Kristof mengeluarkan mobilnya dari parkir bawah tanah dan berharap pikirannya lebih tenang daripada yang ia alami saat ini. Sebenarnya ia kasihan dengan Alana, yang datang entah dari mana dan terseret dalam kemelut pikirannya. Kristof bahkan tidak mengerti mengapa ia berpikiran untuk menyuruh Alana menjemput putranya minggu depan alih-alih menggeser jadwal pertemuannya. Janji temu dengan Granada selalu membuatnya kacau, meskipun perpisahan itu sudah setahun lebih berlalu.
Bandara tampak santai dengan mobil-mobil pengantar.
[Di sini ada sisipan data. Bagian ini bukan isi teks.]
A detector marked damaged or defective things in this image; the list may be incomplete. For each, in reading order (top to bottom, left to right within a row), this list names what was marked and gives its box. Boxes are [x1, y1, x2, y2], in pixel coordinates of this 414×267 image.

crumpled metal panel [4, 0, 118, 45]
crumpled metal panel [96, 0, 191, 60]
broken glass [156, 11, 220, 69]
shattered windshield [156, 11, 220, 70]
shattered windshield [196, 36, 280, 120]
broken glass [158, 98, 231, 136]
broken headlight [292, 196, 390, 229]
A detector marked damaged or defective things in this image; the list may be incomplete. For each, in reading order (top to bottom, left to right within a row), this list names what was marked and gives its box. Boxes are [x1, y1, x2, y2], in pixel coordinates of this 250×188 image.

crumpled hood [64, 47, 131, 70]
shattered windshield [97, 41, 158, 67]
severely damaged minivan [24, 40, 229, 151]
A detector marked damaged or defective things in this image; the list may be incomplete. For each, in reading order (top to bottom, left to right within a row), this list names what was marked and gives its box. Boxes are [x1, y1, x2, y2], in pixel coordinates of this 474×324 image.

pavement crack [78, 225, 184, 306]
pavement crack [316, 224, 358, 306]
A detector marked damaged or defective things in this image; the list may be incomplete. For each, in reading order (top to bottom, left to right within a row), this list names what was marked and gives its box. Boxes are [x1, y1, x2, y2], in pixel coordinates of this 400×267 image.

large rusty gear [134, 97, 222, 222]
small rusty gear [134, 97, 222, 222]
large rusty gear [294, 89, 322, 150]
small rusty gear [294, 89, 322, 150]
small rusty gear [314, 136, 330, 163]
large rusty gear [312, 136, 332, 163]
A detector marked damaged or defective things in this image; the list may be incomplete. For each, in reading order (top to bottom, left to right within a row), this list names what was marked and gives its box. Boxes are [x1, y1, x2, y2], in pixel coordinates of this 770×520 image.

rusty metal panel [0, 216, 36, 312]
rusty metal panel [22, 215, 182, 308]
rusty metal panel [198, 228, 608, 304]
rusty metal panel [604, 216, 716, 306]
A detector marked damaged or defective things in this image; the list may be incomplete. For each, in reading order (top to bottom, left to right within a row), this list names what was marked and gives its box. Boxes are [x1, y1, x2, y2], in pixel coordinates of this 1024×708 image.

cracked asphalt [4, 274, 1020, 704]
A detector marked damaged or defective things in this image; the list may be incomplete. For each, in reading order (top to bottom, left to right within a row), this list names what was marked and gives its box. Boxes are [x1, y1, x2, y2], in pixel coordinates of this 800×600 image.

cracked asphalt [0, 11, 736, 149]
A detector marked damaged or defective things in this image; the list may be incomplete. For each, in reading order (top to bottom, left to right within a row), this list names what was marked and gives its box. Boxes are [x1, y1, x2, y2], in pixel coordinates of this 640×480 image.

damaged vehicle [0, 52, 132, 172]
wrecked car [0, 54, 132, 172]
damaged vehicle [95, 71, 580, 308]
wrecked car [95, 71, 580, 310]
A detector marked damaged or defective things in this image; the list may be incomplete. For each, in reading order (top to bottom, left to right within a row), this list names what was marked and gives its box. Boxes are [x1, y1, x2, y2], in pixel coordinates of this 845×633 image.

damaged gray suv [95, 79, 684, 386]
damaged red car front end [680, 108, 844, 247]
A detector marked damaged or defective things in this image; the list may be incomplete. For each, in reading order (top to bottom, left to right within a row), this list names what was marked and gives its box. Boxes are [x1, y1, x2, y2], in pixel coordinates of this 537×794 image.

Tampak Granada bersama putranya menanti di sekitar kios-kios tempat makan cepat saji di halaman keberangkatan. Grady tampak lebih besar, mungkin sudah lebih tinggi juga. Namun ia tampak kurus, atau mungkin tubuh tingginya yang memberi kesan lebih kurus. Wajah anak itu datar, tidak seperti dulu yang begitu ceria dan antusias. Setenang apapun, sebuah perpisahan selalu mengorbankan anak.
Lain halnya dengan Granada, dengan terusan yang membentuk tubuh, ia tampak lebih seksi. Pinggulnya semakin terbentuk indah setelah melahirkan Grady. Wajahnya yang mungil dan kulitnya yang eksotis memang memikat, tapi Kristof tak lagi terpedaya. Pengalamannya sudah cukup menyakitkan, tidak pantas untuk sedikit pun diulang. Ada sedikit kelegaan di wajah Kristof melihat Granada menunggunya sendirian. Kristof tahu betul kalau liburan kali ini dihabiskan mantan istrinya dengan kekasih barunya. Seorang fisioterapis yang membantunya lepas dari derita nyeri ischialgia. Mungkin saja selama terapi Granada mendapatkan pelayanan lain, yang mestinya tidak ia terima karena statusnya sebagai seorang istri. Tapi itu tidak lagi menyakitkan untuk Kristof. Hatinya hampa, hampir mati rasa.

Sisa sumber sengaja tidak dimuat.